DAY

 

Ik heb het haar willen vertellen maar ik heb mijn mond gehouden.
Ik denk dat er vandaag de dag genoeg te doen is rond vrouwenemancipatie. Rond de onderdanigheid. Rond het vermijden, daarvan.
Je moet alleen maar goed kijken.
Je moet ook willen kijken.
Je kunt ook oogkleppen ophebben, of willen. Misschien zijn ze veilig? Misschien zijn ze niet veilig?

Het komt er, misschien, op neer, om zelf de keuze te (kunnen/mogen/willen) maken.
‘Zelf’ zou benadrukt moeten worden. Uitgelicht. Belicht.

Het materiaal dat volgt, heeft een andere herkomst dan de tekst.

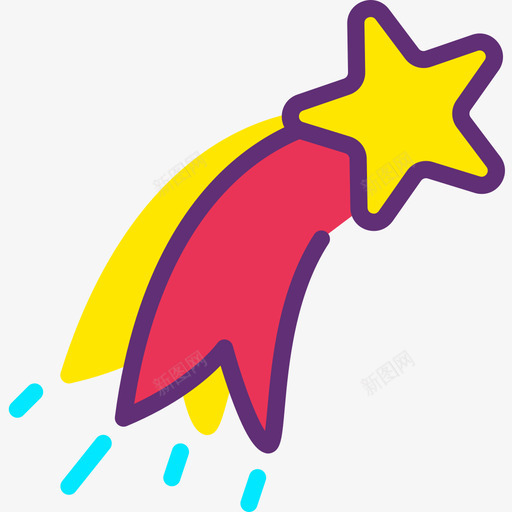 流星假日35附魔图标svg_新图网 https://ixintu.com 假日 流星 附魔
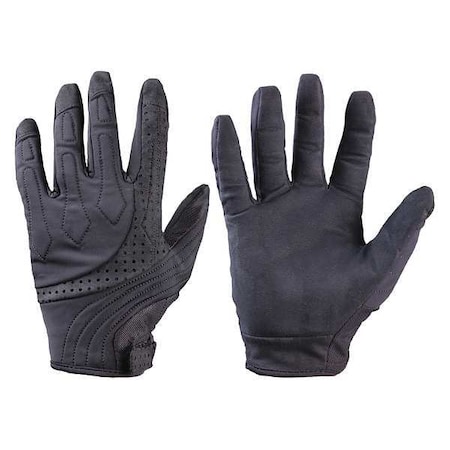 Mechanics Gloves, XS, Black, Double Layer, Spandex/Neoprene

Het is hier goed vertoeven – het is twintig over zeven, tweeëntwintig, de zon laat zich nog niet zien maar ze kleurt de hemel. Ik kan kiezen voor Bach, of voor Lou Reed. Ik kan hen laten schallen, ik kan hen zacht op de achtergrond laten.
Minstens 1 gans vliegt over en wekt, daardoor, minstens een van de buren, misschien.

Misschien heeft geluk alles te maken met het zien van de zon die de hemel nu nog niet opeist, maar straks wel.
Misschien heeft geluk alles te maken met het horen van de ganzen, en met het zich kunnen inbeelden van buurmannen of –vrouwen die geeuwen en zich uitrekken en nog even voort slapen, of niet.
Misschien heeft geluk alles te maken met het kunnen horen van die overvliegende gans, of ganzen.

Een auto rijdt voorbij. Wie vertrekt er op reis, of wie rijdt er naar de bakker?

Minstens vier vliegtuigen vlogen reeds over. Ik zie hun sporen. Eerder dan nu keek ik niet – niet steil omhoog, ik keek enkel naar de omgeving van de zon, die nog niet was, maar nu wel, en die dwingend, mag ik zeggen, de hemel opeist.